Don't say we weren't forewarned--if Bushco continues to get its way, this is what we'll be facing.
"The government made such a mess of things," said Aiymkan Baitasheva, the grandmother. "I wish that just once Akayev would have driven past here. Right now I am feeling so much anger. What can I do?"
The family lives in Dardoi, an impoverished market town just a 15-minute drive from the president's office. Their unheated home, with no gas or running water, is typical of conditions on the outskirts of Bishkek, the capital, where thousands migrated from the countryside hoping to cash in on post-Soviet capitalism but instead live in slums.
Before 1990, when Kyrgyzstan was still a communist republic, it offered free health care and housing, and even then it was one of the poorest Soviet regions, with 32 percent of its people living in poverty.

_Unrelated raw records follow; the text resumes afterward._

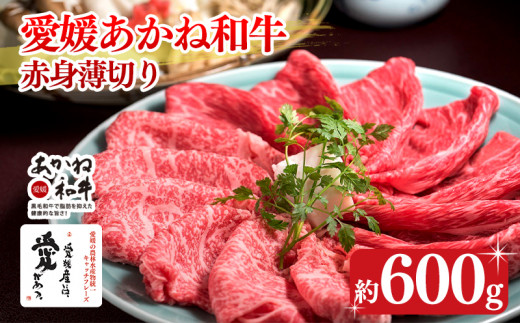 【昭和50年創業】愛媛あかね和牛 赤身薄切り 約600g | 国産 牛肉 お肉 ぎゅうにく 和牛 すき焼き すきやき すき焼  焼きしゃぶ しゃぶしゃぶ BBQ ブランド牛 冷蔵 愛媛県 松前町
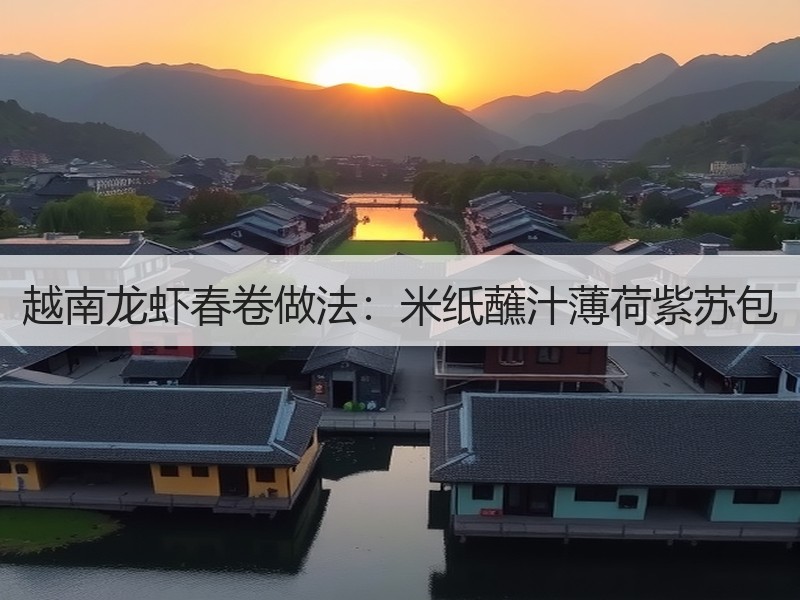 越南龙虾春卷做法：米纸蘸汁薄荷紫苏包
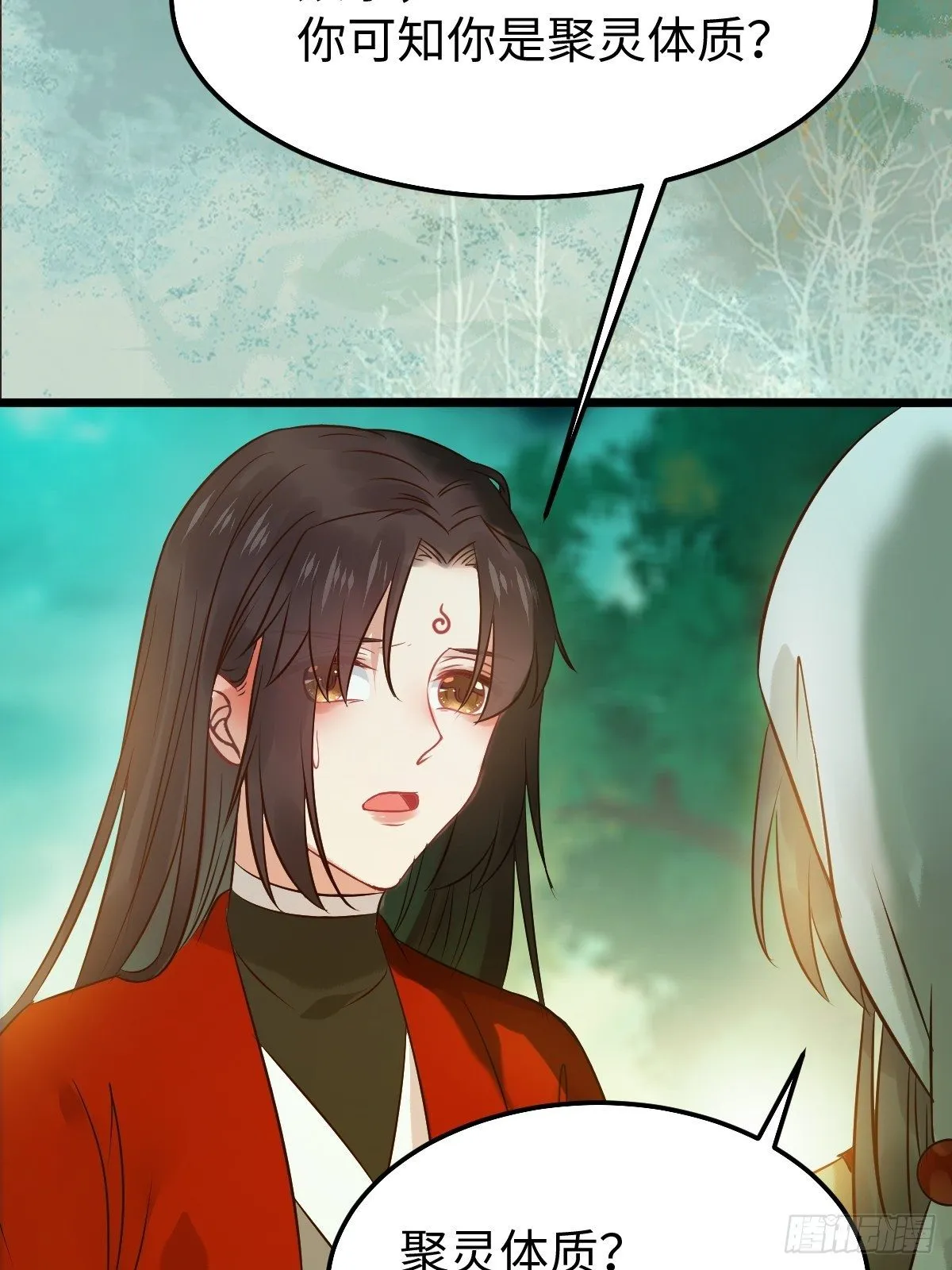 人炉 第27页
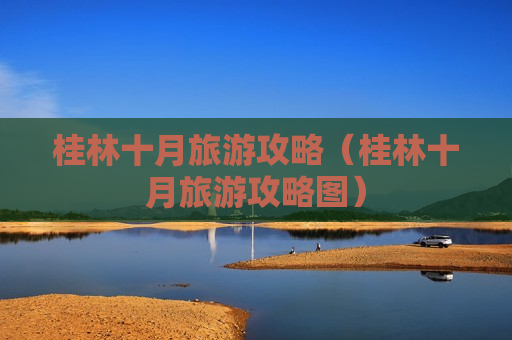 桂林十月旅游攻略（桂林十月旅游攻略图）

Today the U.N. Development Program estimates that about 44 percent of Kyrgyzstan's 5 million people live in poverty.
The poor blame Akayev, who came to power in the Soviet era, for corruption, the collapse of the communist social safety net and the rise of cutthroat capitalism. They have seen Bishkek fill up with cell phones, Mercedes-Benz showrooms and ads for Versace sunglasses, while Baitasheva's 11-year-old granddaughter isn't in school because the family can't afford the $16 enrollment fee or the transport costs.